Sejarah Pesawat Hercules
Agustus 1954 adalah masa pertama pesawat Hercules pabrikan Lockheed mendunia. Pilot pertama dari pesawat tersebut adalah Stanley Beltz dan Roy Wimmer. Mereka menerbangkan Hercules selama 61 menit dari Lockheed.
Selain ukuran yang besar dan bisa memuat banyak barang dan penumpang, kelebihan Hercules adalah pesawat angkut yang mampu tinggal landas dan mendarat pada landas pacu yang cukup pendek. Model pertama Hercules adalah C-130A. Pesawat ini ditenagai empat mesin turboprop Allison T56-A-11 atau 9, dengan tiga bilah baling-baling.

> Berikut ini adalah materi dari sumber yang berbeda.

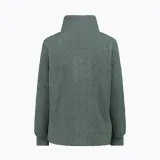bluza-damska-cmp-32p3806-mineral-34-plec-kobieta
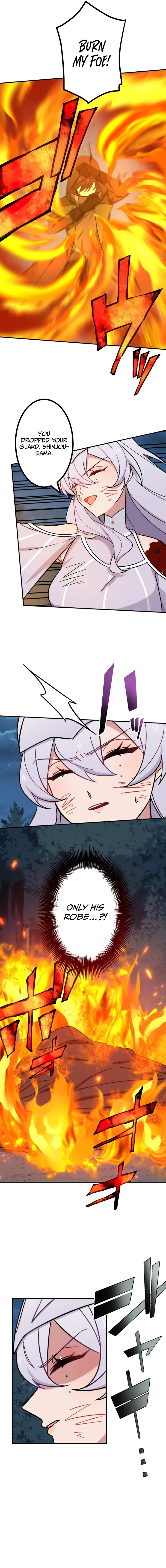Page 10 of Chapter 25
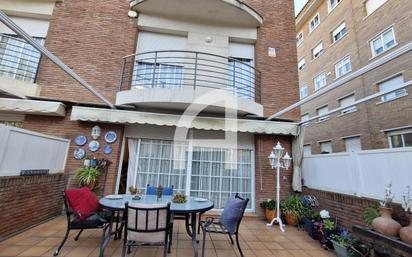 Single-family semi-detached for sale in Passatge de l'Olivera, 1, Mas Lluí
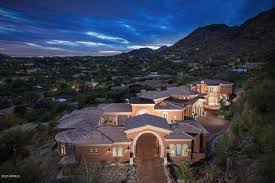 Here at paradise valley hvac we are a complete heating, ventilation and air conditioning (hvac) company that has been in business for many 6685 e cactus wren dr, paradise valley, az 85253. Cinco Soles Paradise Valley Az Nearby Recently Sold Homes 199 Sold Properties Movoto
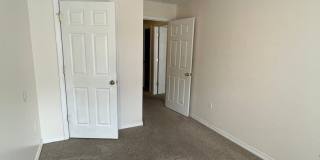 204 Johnson Court Crestview, FL 32536 Gallery 12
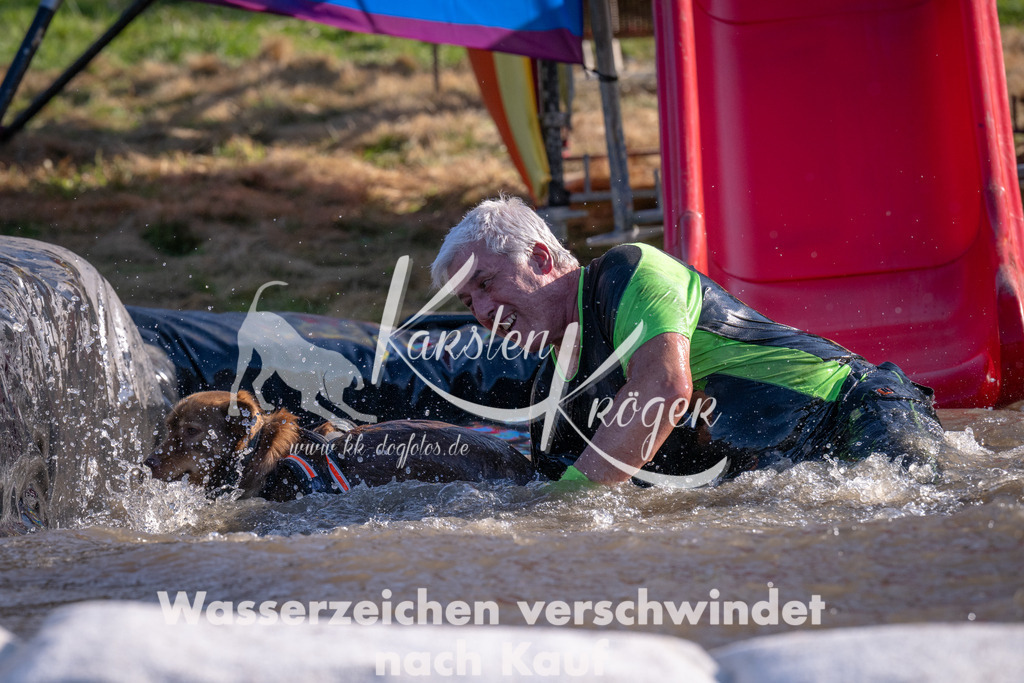 1721_ZZ95000 | kk-dogfotos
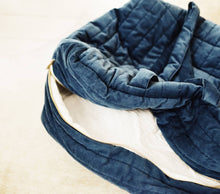 Load image into Gallery viewer, Ardoise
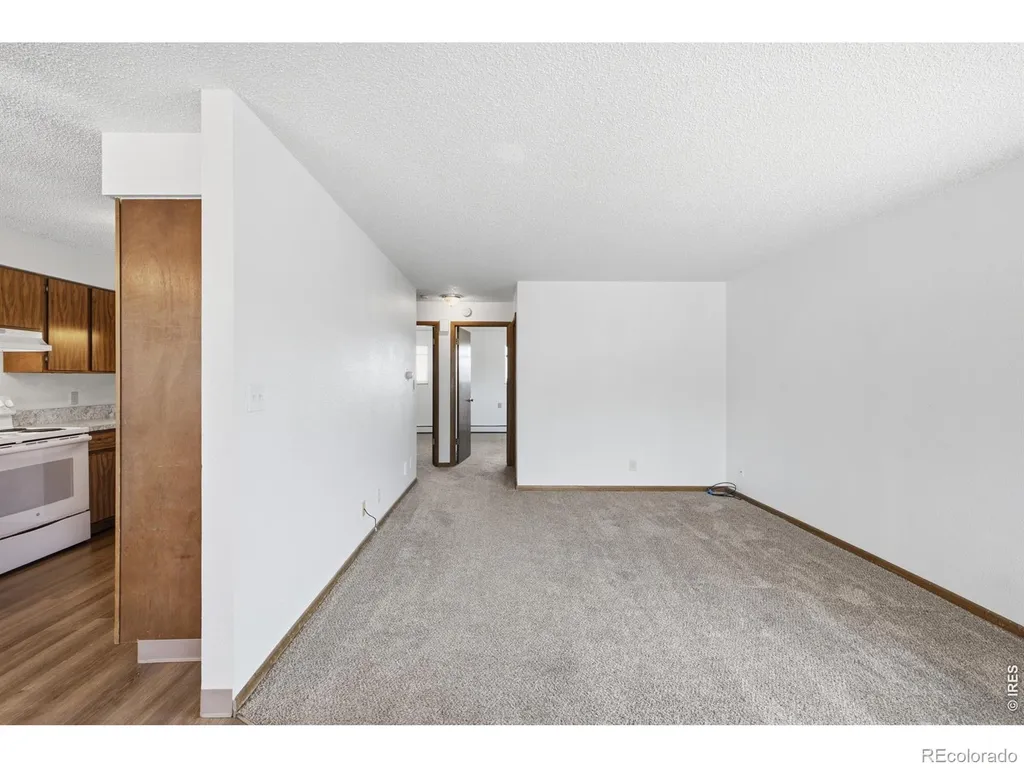 2264 S Colorado Avenue Loveland CO 80537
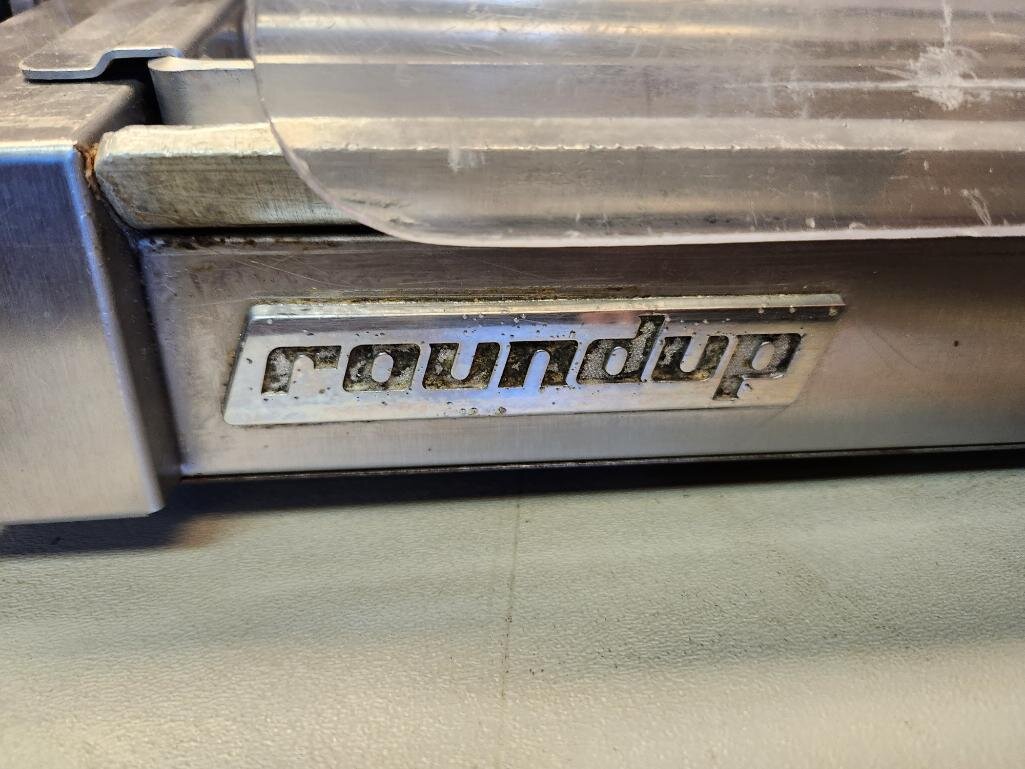 Image for Kelly Equipment Sales - Restaurant Equipment Supplier Liquidation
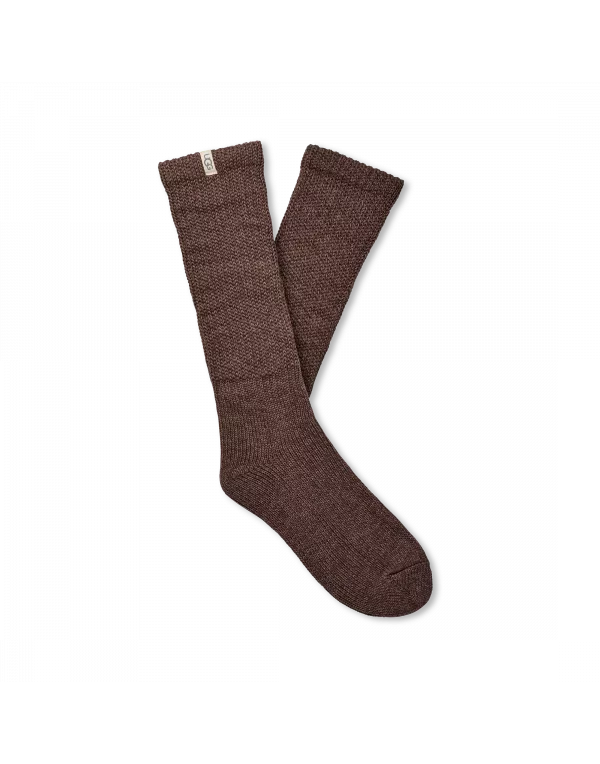 Women's Tyla Slouchy Crew II Sock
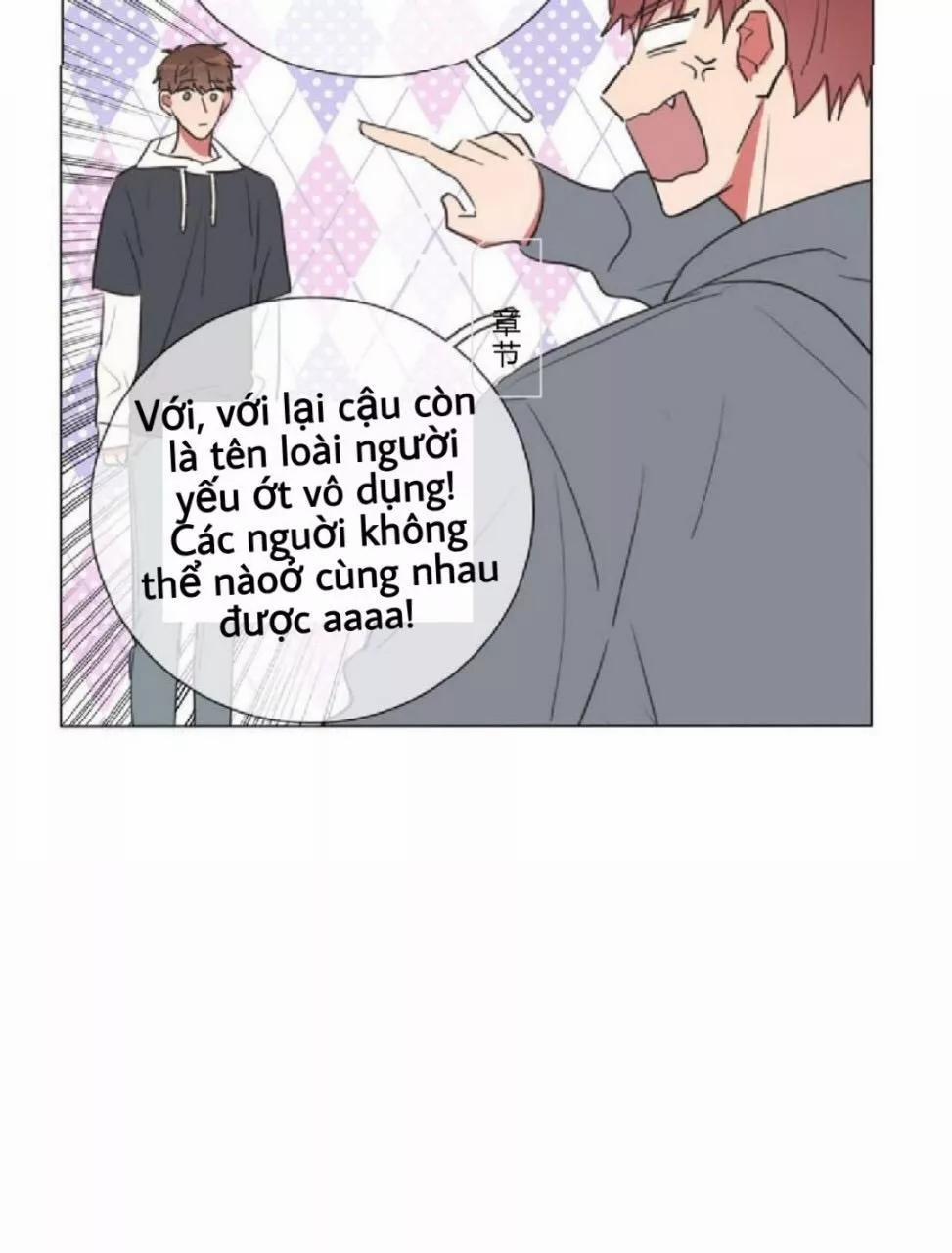 Bái Kiến Thất Cửu 10 trang 13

Pemerintah AS adalah pihak pertama yang memesan Hercules. Pada Desember 1956, 219 unit pesawat Hercules diserahkan kepada angkatan udara AS.
Sementara, Indonesia adalah negara kedua yang menjadikan Hercules sebagai pesawat militer. Pada 1960 TNI (ketika itu ABRI) mendapatkan Hercules setelah pemerintah Indonesia memesan sepuluh unit tipe C-130B dan KC-130B.
Presiden AS pasa masa tersebut, John F. Kennedy, merupakan sahabat dari Presiden Indonesia, Soekarno. Pada tahun 1959, Soekarno datang ke AS atas undangan Kennedy terkait kepentingan melepaskan Allan Pope, pilot CIA berstatus sipil yang ditembak jatuh oleh Kapten Udara Penerbang Dewanto dalam pertempuran udara pada 1958.
Kennedy kemudian berterima kasih atas sikap pemerintah Indonesia tersebut. Dia lantas menawarkan "pengganti" Pope kepada Soekarno.
Pertimbangan yang digunakan adalah "keperluan" Panglima AU, Laksamana Madya Udara Suryadarma, AURI (TNI AU pada masa tersebut) untuk menggantikan pesawat transportasi de Havilland Canada DHC-4 Caribou. Indonesia akhirnya memilh Hercules C-130B.
Presiden Soekarno pun datang langsung ke pabrik Lockheed (saat ini Lockheed Martin). Kemudian, sebanyak 10 unit Hercules C-130B diterbangkan dengan proses penerbangan feri (ferry flight) dari AS ke Indonesia.
Penerbangan tersebut dilakukan oleh pilot dan awak AURI. Pada 18 Maret 1960, delapan unit C-130B kargo dan dua unit C-130B tanker mendarat di Pelabuhan Udara Kemayoran, Jakarta.
Rombongan pesawat Hercules itu terbang sejauh 13.000 mil laut dengan melintasi tiga samudra. Hal tersebut menjadi penerbangan internasional pertama Indonesia yang 100 persen awaknya adalah personel aktif AURI. Tak hanya itu, penerbangan semacam itu belum pernah terjadi di militer lain di dunia pada masa tersebut. Itulah sejarah pesawat Hercules di dunia dan Indonesia.